The State in the High Court on Wednesday commenced with arguments on the sentences to be imposed on the 30 men found guilty of high treason relating to the armed secessionist attacks on Katima Mulilo in August 1999.
The Deputy Prosecutor General, Taswald July, has argued that the court should not show any leniency for supporters of treason, but should impose a stiff sentence on the leaders who planned the attack and the foot soldiers who executed the subversive plan.
July said that there should be no consideration for the fact that some convicts are first offenders.
July recommended 30 years in prison and not less than 20 years, saying that would be an appropriate sentence for treason.
July said the court should hand down a sentence to show that high treason was committed by the accused who knew Namibia is democratic. They could have sat and negotiated to change the political order, but instead chose to plan and carry out an attack on their own people, killing indiscriminately, killing civilians and the police and others who could have protected them.
The State further argued that Geoffrey Mwilima led the banned United Democratic Party (UDP), and admitted to trying to revive it. Mwilima had a duty as a former member of parliament to protect the State, but he failed to live up to the oath he had taken for Namibia, said the State.
He knew of the imminent attacks but failed to inform the authorities. He was not forthcoming about his involvement and he did not accept any responsibility.
He showed no remorse and denied that the attacks were related to the UDP, the State further argued.
The State said that Mwilima attempted to show that he was not involved in the UDP and this contradiction should be held against his character.
“He led people who trusted him and then attempted to distance himself from them and the attacks. He was an untruthful and evasive witness. He is a political leader and more was expected of him but he failed as a leader in parliament,” the State argued.

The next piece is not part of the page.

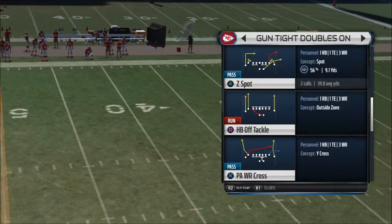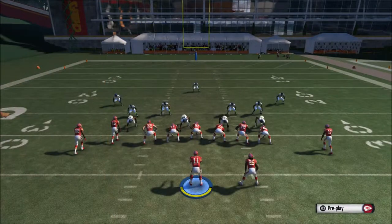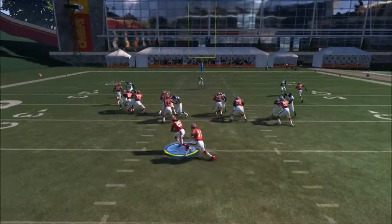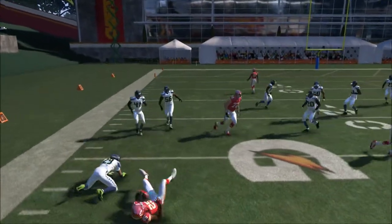I'm going to choose another play from the gun tight doubles. Today we're going to choose the halfback off tackle. This is actually a pretty effective way to run the ball. You can go ahead and slide protect to the left side. As you can see, we get a nice separation and nice space on the left side to run to.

Deputy Prosecutor-General July, assisted by State Advocate Amize Adams, representing the State, will first make his closing arguments in the protracted trial that lasted more than a decade.
State-sponsored defence lawyers Patrick Kauta, George Neves, Clive Kavendjii, Profysen Muluti, Ilse Agenbach, Jonathan Samukange, Victor Kachaka, Percy McNally and Hennie Kruger will then address the court in respect of the sentences to be imposed on each of their convicted clients.
The closing arguments are expected to run for the rest of this and next week.
On September 14, the 30 men were found guilty on charges of high treason, murder and attempted murder in connection with the separatist attacks on government-owned installations at Katima Mulilo on that fateful day, August 2, 1999.
Judge Elton Hoff acquitted 35 other men after the State failed to prove their involvement beyond a reasonable doubt in the failed plot to secede the said Caprivi from Namibia.
The 30 convicted men each face 278 charges, including a count of high treason, nine charges of murder and 240 counts of attempted murder in connection with the failed secession attempts.
The treason accused have been in custody for the past 16 years and the long-running trial has clearly taken a heavy toll on them, with 22 having died while awaiting trial.
They were separately charged and convicted of taking part in the attacks, or providing support to the vanquished rebel outfit the Caprivi Liberation Army (CLA). The court found that they took part in the attacks on the Katima Mulilo Police Station, the Namibian Broadcasting Corporation (NBC) regional office, the Wenela border post, as well as M’pacha military base and airport.
Muyongo and former Mafwe chief Boniface Mamili are now exiled in Denmark after Namibia pressured Botswana to send them back to stand trial.